When ‘Where’ is Not A Jurisdiction Issue
Monday, October 25th, 2010Sandi Zimnicki v. General Foam Plastics Corp., USDC N.D. Illinois, October 4, 2010.
Sandi Zimnicki is an artist and a technical consultant for movies including “Home Alone 2″. She has a following of people who collect her holiday miniatures, including deer. Upon finding evidence that defendant, General Foam Plastics, was knocking off her deer designs in China, Zimnicki sued in Illinois.
General Foam noting that the infringement took place in China moved for summary judgement on the grounds that there was no subject matter jurisdiction.
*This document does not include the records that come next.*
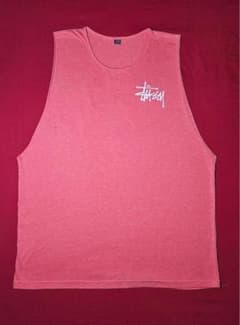 Stussy サーモンピンク タンクトップ - メルカリ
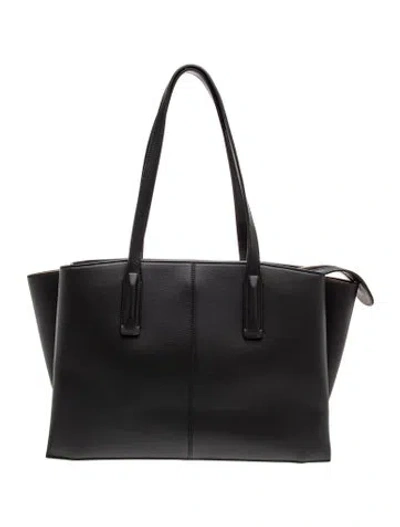 Pre-owned Freja Nyc Leather Tote In Black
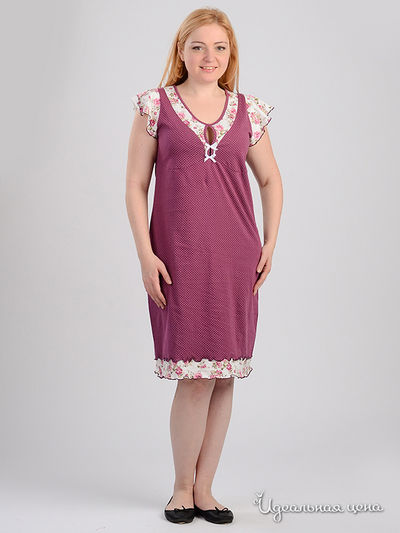 Ночные сорочки El Fa Mei, цвет бордовый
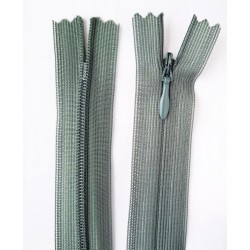 Paslėptas 45 cm ilgio užtrauktukas, spalva 870 - pilkšvai žalsva/1 vnt.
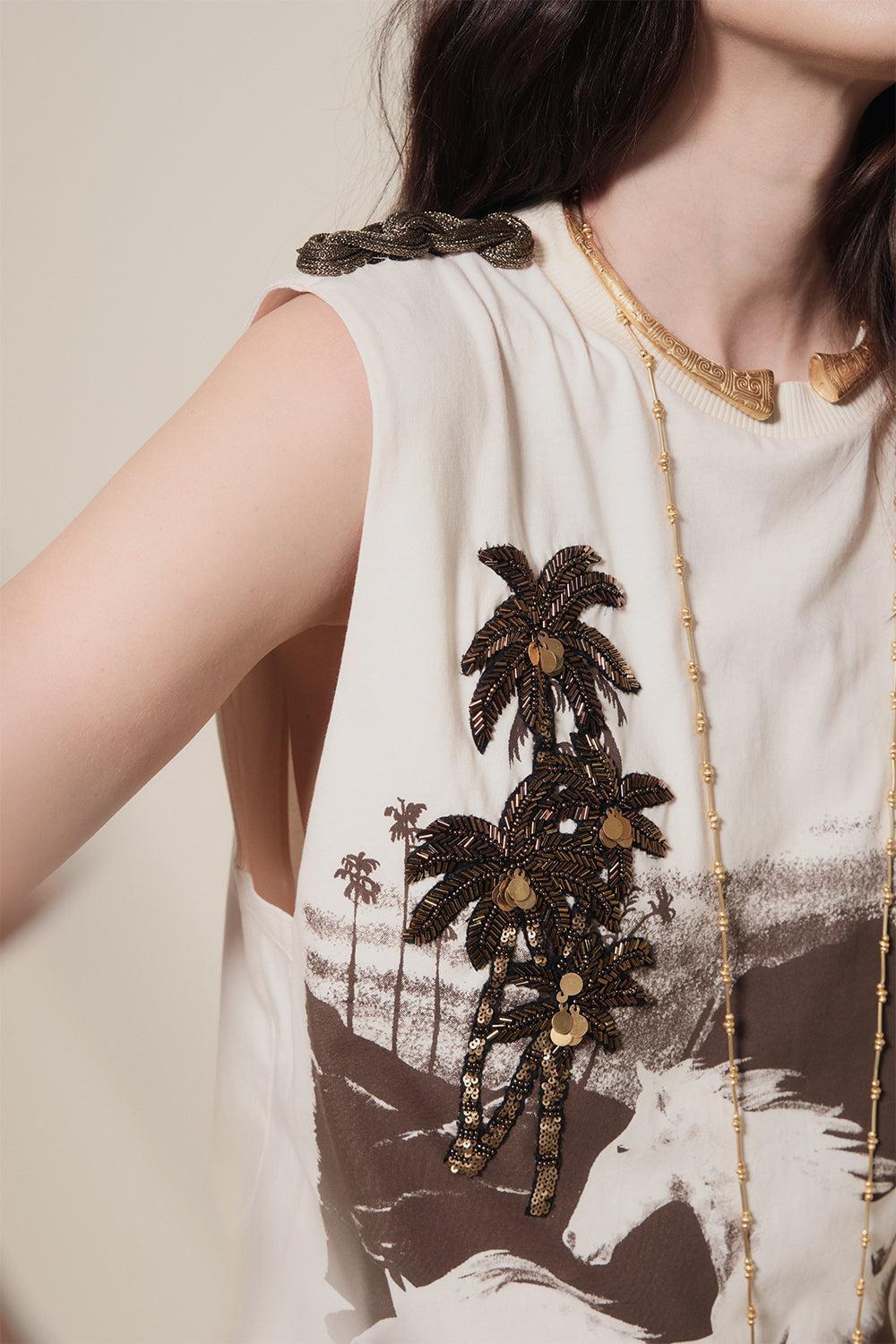 Brave T-Shirt-ECRU/BLK-XS-CLOTHINGTOPT-SHIRT-JOHANNA ORTIZ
The trial court ruled that “there is no indication that Congress intended extraterritorial limitations on the scope of the Copyright Act to limit the subject matter jurisdiction of the federal courts.” After finding that General Foam, a U.S. corporation domiciled in Virginia, is properly a party, the court ruled that the issue of where the infringement happened does not trigger jurisdiction issues but is to be a part of the infringement claim evidence. The court went on to explain that “It appears that the sale and delivery to the United States occurred in one seamless transaction – or a series of such transactions. Either way, we are not persuaded that we should parse the transaction in the technical way that Nixan has asked us to do. To rule otherwise would encourage gamesmanship.”